CHINA'S leaders should be proud that their country has produced some of the world's most exciting filmmakers in recent years. Yet fear seems to outweigh good sense where movies are concerned.
When the superb film ``Ju Dou'' was nominated for an Academy Award two years ago, Chinese authorities tried to yank it from the race, complaining that Zhang Yimou's powerful drama - banned in China - painted too unflattering a portrait of Chinese life.
More recently, Chen Kaige's epic Farewell My Concubine shared the Cannes Film Festival's top prize. And again the officials showed more pique than pride, barring the movie from exhibition in China because of some political implications and because one character - a male opera star specializing in female roles - is apparently a homosexual.
Happily, the spirit of Chinese cinema refuses to be squelched, and the atmosphere surrounding it may now be improving. ``Farewell My Concubine'' has been approved for release after a small amount of editing, albeit with a warning from censors that they are not reducing their vigilance toward future films.
And a healthy number of Chinese filmmakers keep working vigorously despite the bureaucratic obstacles they are liable to confront with each project.
This was demonstrated anew at last month's Montreal World Film Festival, which presented no fewer then seven movies listed as Chinese productions or coproductions. Among them were at least two that deserve high praise: ``Farewell My Concubine,'' having its first North American screenings, and Xie Fei's exquisite drama The Women From the Lake of Scented Souls, which came to Montreal after winning the Berlin festival's top award.
The quality that links these movies most closely is a vivid sense of Chinese historical evolution. ``Farewell My Concubine'' examines this on a grand scale, using the careers of two opera stars as a vehicle for tracing Chinese life from the 1920s through the 1970s.
The film's first hour concentrates on experiences under the old feudal system, showing how the chance for artistic training serves as both a difficult burden and a promising opportunity for the young protagonists. The second hour becomes more melodramatic as one of the main characters falls in love with a beautiful but dissolute woman, sparking an emotionally complex rivalry with his partner. The final portion of the film takes place during the Cultural Revolution, when art and ideology become inextricably mingled.
Of the movie's three main sections, the first and third are the strongest, using personal and cultural events to illuminate broad social and historical issues.
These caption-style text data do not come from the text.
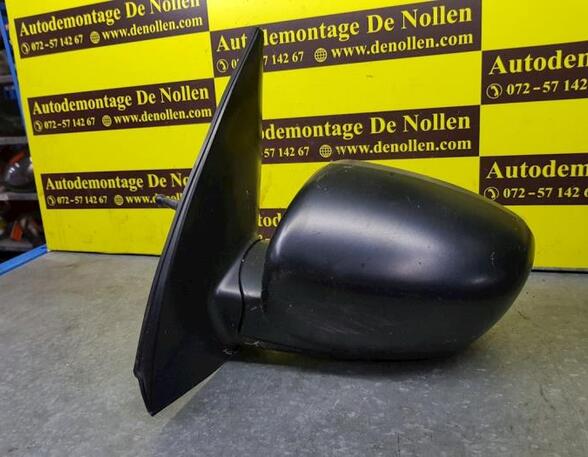 Wing (Door) Mirror HYUNDAI i10 (PA)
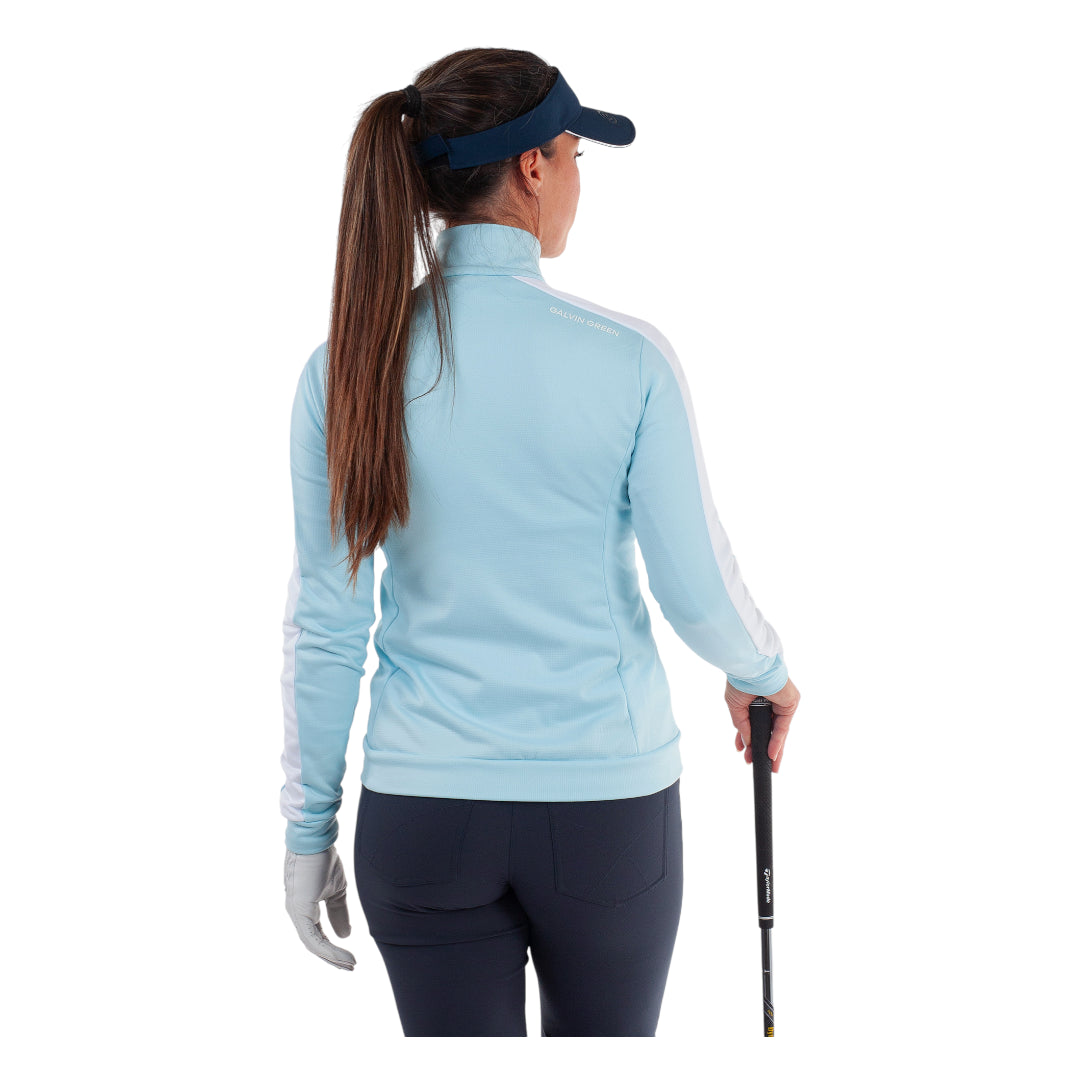 Galvin Green Ladies Dixie Insulating Golf Mid Layer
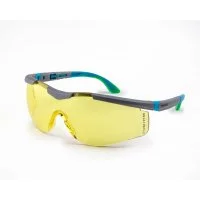 Защитные очки РОСОМЗ О87 ARCTIС CONTRAST StrongGlass™ 2-1,2 PC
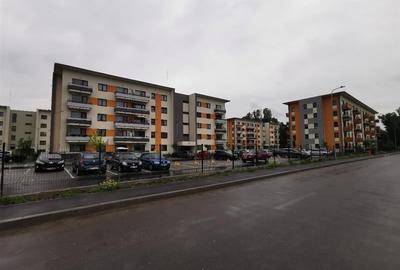 Inchiriem Apartament 2 Camere, Mobilat, Decomandat, Tractorul Inchiriem Apartament 2 Camere, Mobilat, Decomandat, Tractorul - 12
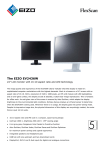 Eizo EV2436WFS-BK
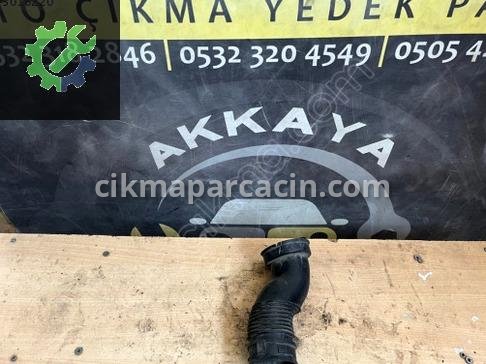 Opel Astra Hava Filtresi Hortumu GM90531007 çıkma parça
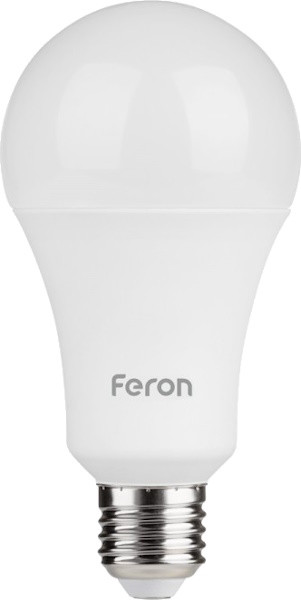 Лампочка Feron LB-918 18W 4000K E27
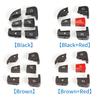 For Mercedes W205 W253 Car Steering Wheel Switch Control Buttons For Benz C GLC Class C200 C220 C260 GLC250 GLC300 2015-2021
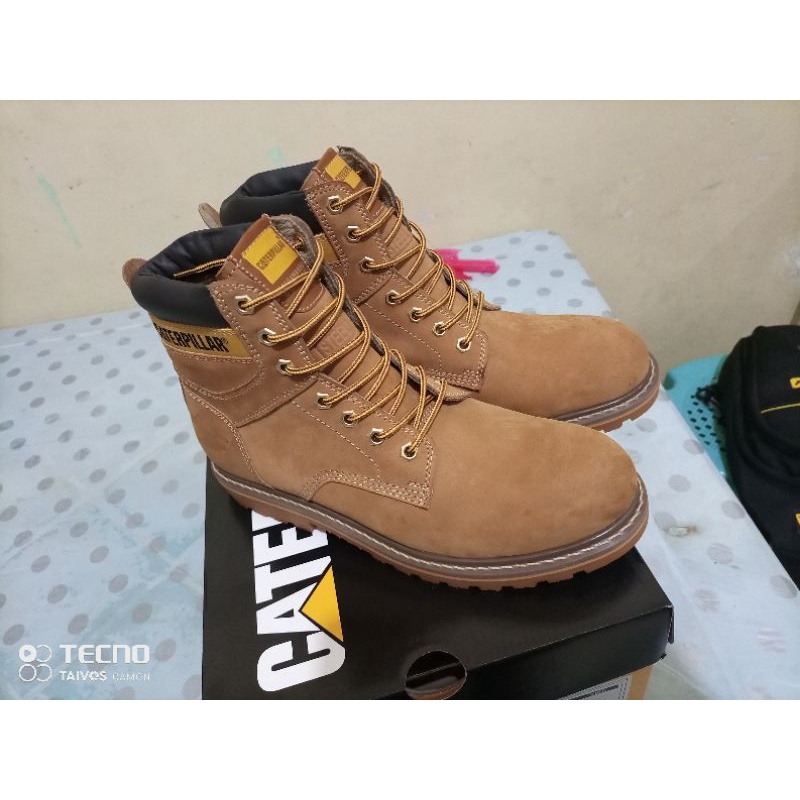 Shopee cheap safety shoes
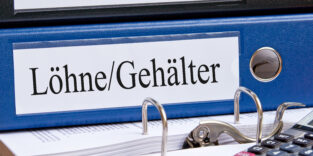 Gehälter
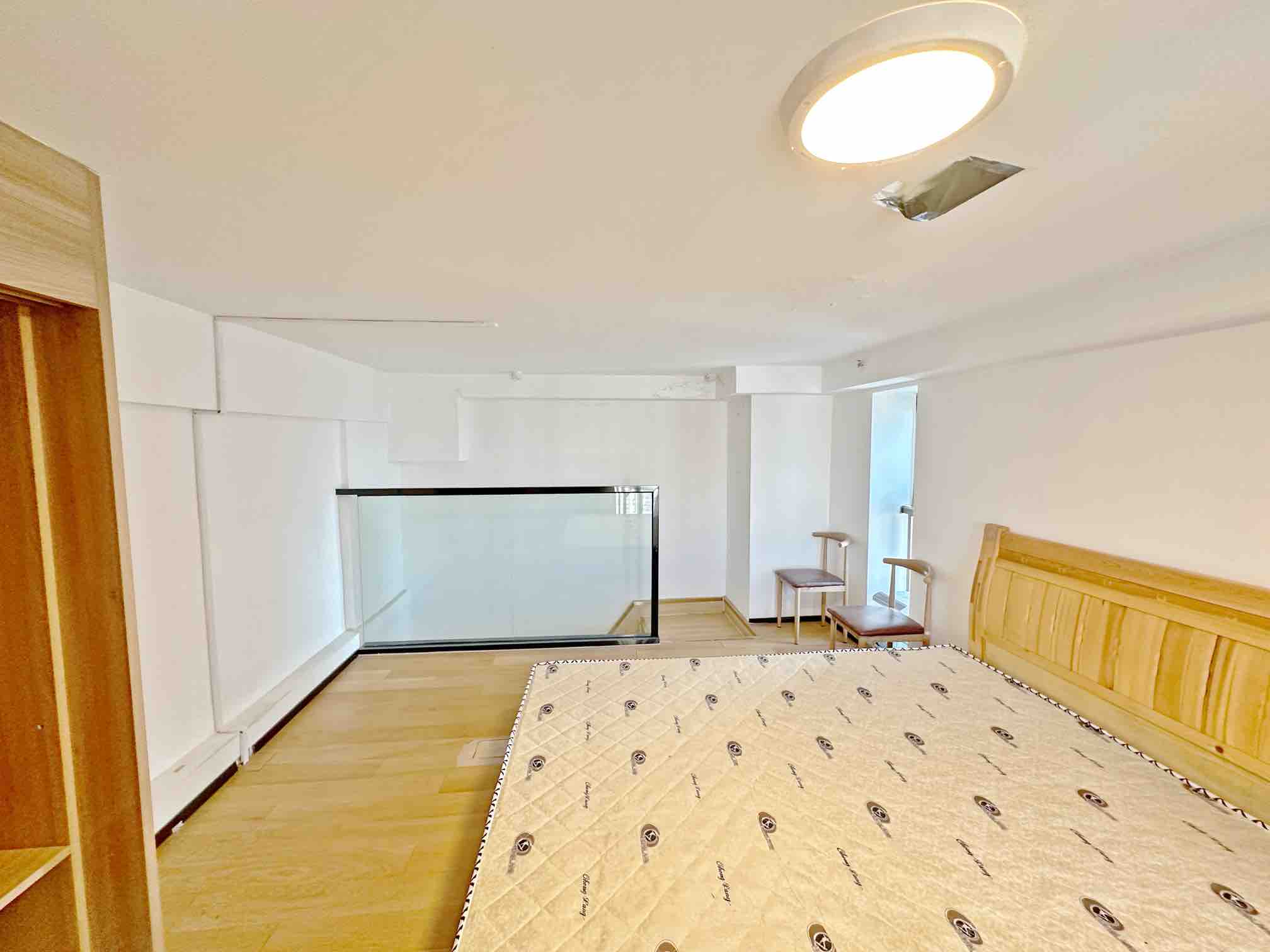 恒大睿城(商住楼)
The middle hour is less brilliant.
This is a minor quarrel with a major film, however - directed by Chen with extraordinary energy, and superbly acted by a talented cast including the magnetic Gong Li, known for her starring roles in Zhang's most exciting movies.
``The Women From the Lake of Scented Souls'' is more intimate and even more stirring. It takes place in a provincial village where a sesame-oilmaker is thrilled to learn that a wealthy Japanese woman wants to invest in her operation, upgrading its technology and increasing its output.
Another story line deals with the oilmaker's son, beset with mental and physical ailments, and with a young woman who is forced - through a financial debt - into becoming the man's wife.
At first, the film's two narrative lines appear to be unrelated except for their occurrence in the same village. But the movie's unity soon becomes apparent, since all of its elements are connected to the difficulties of adapting to a modern style of living - and more specifically, the impossibility of simply erasing the social and psychological habits that dominated premodern life for centuries.
On a social level, the townspeople think foreign investment and improved equipment will bring them squarely into the modern age, but they learn that progress is a less dramatic process than they'd hoped.
On a personal level, the sesame-oilmaker remembers with desperate grief how she was sold into marriage under the old society. She utterly fails to recognize that her money-based scheme to acquire a daughter-in-law is merely an updated version of the same sad scenario. She eventually sees the error of her plan and decides to reverse it, but it's clear to everyone that damage has been done and any correction will be hopelessly inadequate.
Directed and edited by Xie with uncommon thoughtfulness and sensitivity, ``The Women From the Lake of Scented Souls'' deserves a worldwide audience.
Also on view at Montreal was Consuming Sun, a Chinese production by John Zhang, who emigrated to the United States a few years ago. The film is a fictionalized biography of Mai Kebo, a Chinese author who received his education in Japan and later - during the violent confusion of the World War II era - was forced to become an interpreter for the Japanese armed forces.
The movie gives Mai a variety of reasons for accepting his collaborationist position, yet holds him morally responsible for his decisions.
The images are too static and the narrative too disjointed for the film to be called a complete success. It has strong moments, however, and affords a vivid lesson in Asian history.